**Exercise prompt**: Repeat only the lines from the one that contains "Ate fried food, saw" through the final line of the listing below, exactly, please, without pictures.

**Available data**:
########
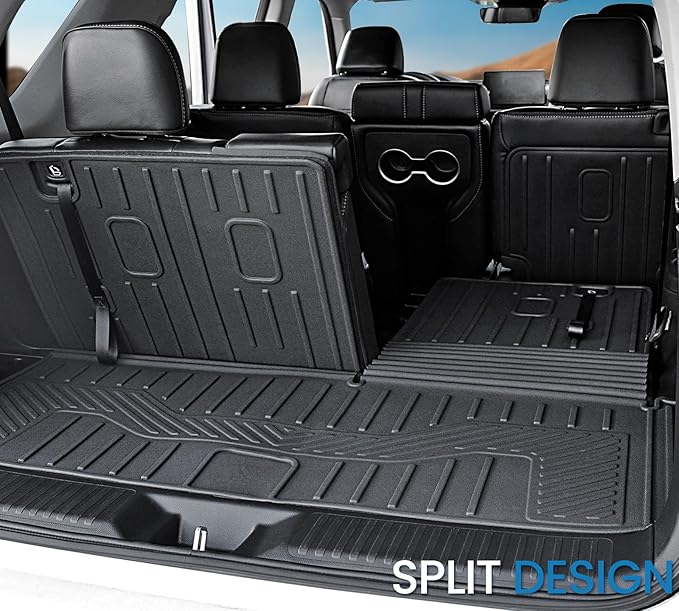 JOULARISE Cargo Mat for Honda Pilot 2026 2025 2024 2023, All Weather TPE Trunk Mat with Backrest Mat Left Storage Tray Mat Car Accessories for Pilot (Trunk Mat with Backrest Mats)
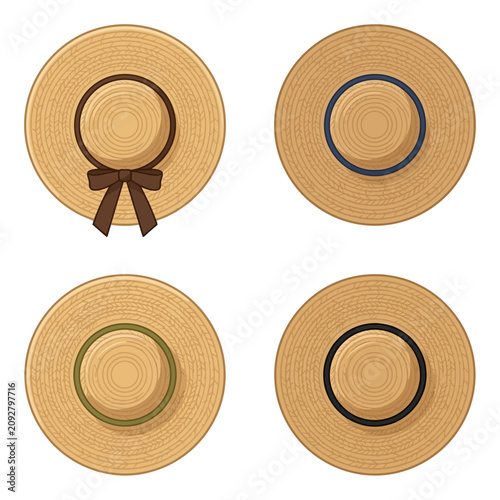 Set of Four Summer Straw Hats Viewed from Above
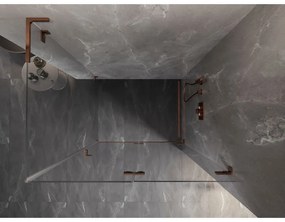 Mexen Lunar-F L, 1-krídlový sprchový kút so skladacími dverami, pravý, 100 x 90 cm, 8mm číre sklo, ružové zlato profil, 836L-100-090-60-00-P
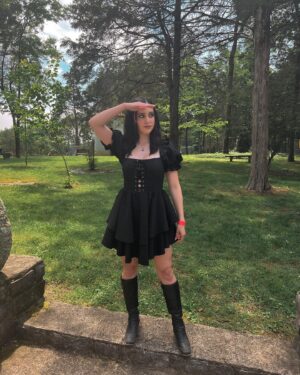 Megan Nicole Instagram - huzzah! first ren faire ✔️

Ate fried food, saw a castle, and used a bow and arrow for the first time (which went about as well as it does in skyrim for me). 
Overall, I’d say today doth slayeth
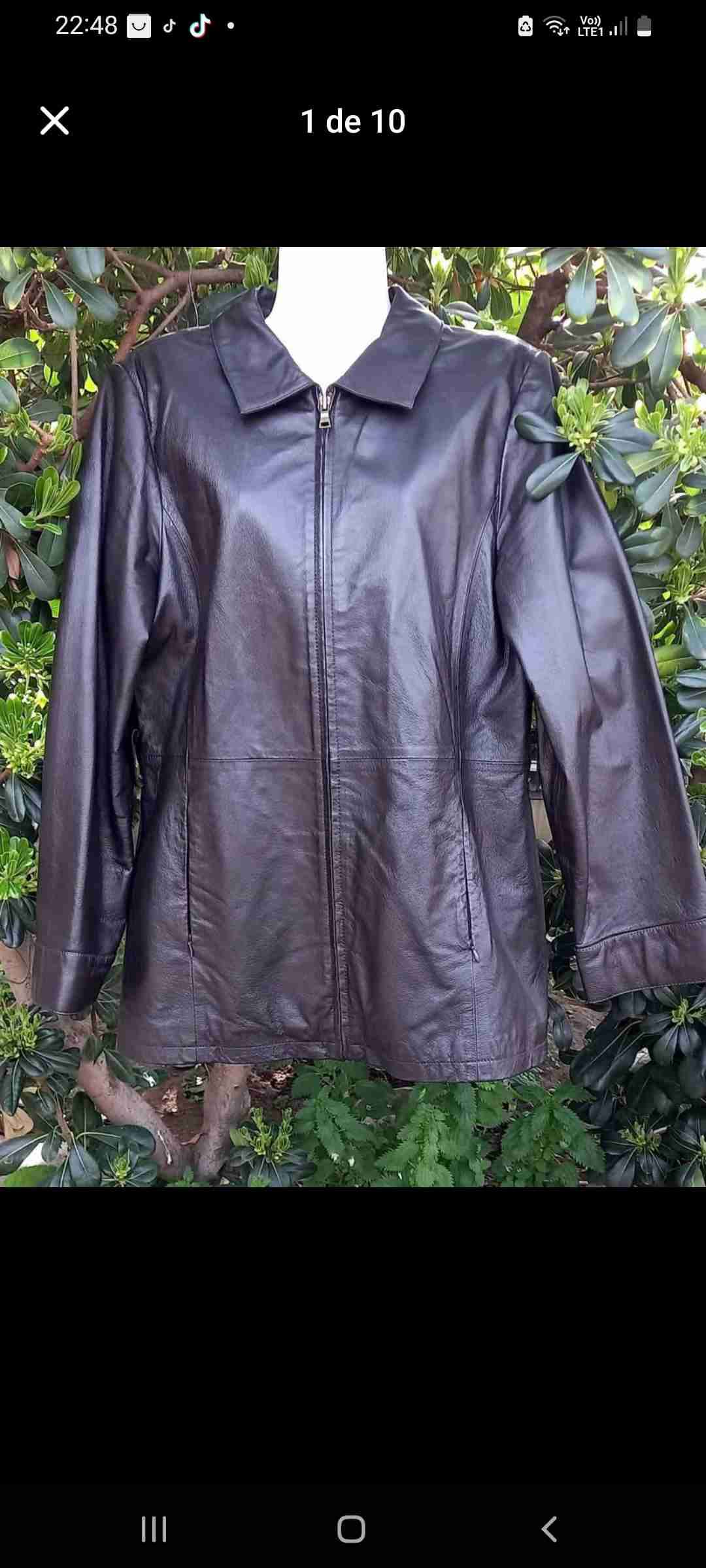 Chaqueta de cuero café Anytime talla M con cierre - miniatura 1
########
**Answer box**:
Ate fried food, saw a castle, and used a bow and arrow for the first time (which went about as well as it does in skyrim for me). 
Overall, I’d say today doth slayeth
 Chaqueta de cuero café Anytime talla M con cierre - miniatura 1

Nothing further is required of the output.